# Thread: coordinate geometry of straight lines

1. ## coordinate geometry of straight lines

The point P has coordinates (1,10) and the point Q has coordinates (4,4).

(a) Show the length of PQ is 3 squared 5.

(b) (i) Find the equation of the perpendicular bisector of PQ.
(ii) This perpendicular bisector intersects the x-axis at the point A. Find the coordinates of A.

2. Originally Posted by Sam16
The point P has coordinates (1,10) and the point Q has coordinates (4,4).

(a) Show the length of PQ is 3 squared 5.
$\displaystyle PQ =\sqrt{(x_2-x_1)^2+(y_2-y_1)^2}$

$\displaystyle PQ =\sqrt{(4-1)^2+(4-10)^2}$

$\displaystyle PQ =\sqrt{(3)^2+(-6)^2}$

$\displaystyle PQ =\sqrt{9+36}$

$\displaystyle PQ =\sqrt{45}=\sqrt{9 \cdot 5}=\sqrt{9} \cdot \sqrt{5}=3\sqrt{5}$

3. Originally Posted by Sam16
The point P has coordinates (1,10) and the point Q has coordinates (4,4).

(a) Show the length of PQ is 3 squared 5.

(b) (i) Find the equation of the perpendicular bisector of PQ.
(ii) This perpendicular bisector intersects the x-axis at the point A. Find the coordinates of A.
to (a): Use the distance formula

$\displaystyle d(PQ)=\sqrt{(x_P-x_Q)^2+(y_P -y_Q)^2}$

to (b)(i)
1. Calculate the slope $\displaystyle m_{PQ}$
2. Calculate the perpendicular direction to this slope
3. Calculate the coordinates of the mid point of PQ: $\displaystyle M_{PQ}\left(\frac{x_P+x_Q}2~,~\frac{y_P+y_Q}2\righ t)$
4. Use the point-slope-formula to get the equation of the perpendicular bisector.

to (b)(ii)
Solve the equation y = 0 using the equation of (b)(i)4

4. Originally Posted by Sam16
The point P has coordinates (1,10) and the point Q has coordinates (4,4).

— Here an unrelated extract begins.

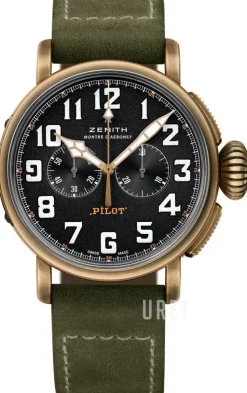 Pilot Svart/Läder Ø45 mm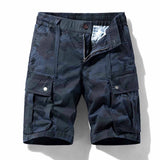 Stylish Street Camo Casual Straight Cargo Shorts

(b) (i) Find the equation of the perpendicular bisector of PQ.
(ii) This perpendicular bisector intersects the x-axis at the point A. Find the coordinates of A.
Find the midpoint of PQ.

$\displaystyle Midpoint = \left(\frac{1+4}{2} \ \ , \ \ \frac{10+4}{2}\right) = \left(\frac{5}{2} \ \ , \ \ 7\right)$

Find the slop of PQ.

$\displaystyle m=\frac{4-10}{4-1}=-\frac{6}{3}=-2$

The slope of the perpendicular will be the negative reciprocal of that slope which is $\displaystyle \frac{1}{2}$

The equation of the perpendicular will have slope = 1/2 and pass through the midpoint of PQ which is (5/2, 7).

y = mx + b

$\displaystyle 7=\frac{1}{2}\left(\frac{5}{2}\right)+b$

$\displaystyle 7=\frac{5}{4}+b$

$\displaystyle \frac{23}{4}=b$

$\displaystyle y=\frac{1}{2}x+\frac{23}{4}$

The above is the equation of the perpendicular in slope-intercept form.

General form would be $\displaystyle 2x-4y+23=0$

To find the x-intercept, simply assign 0 to y and solve for x. The coordinates will be in the form (x, 0).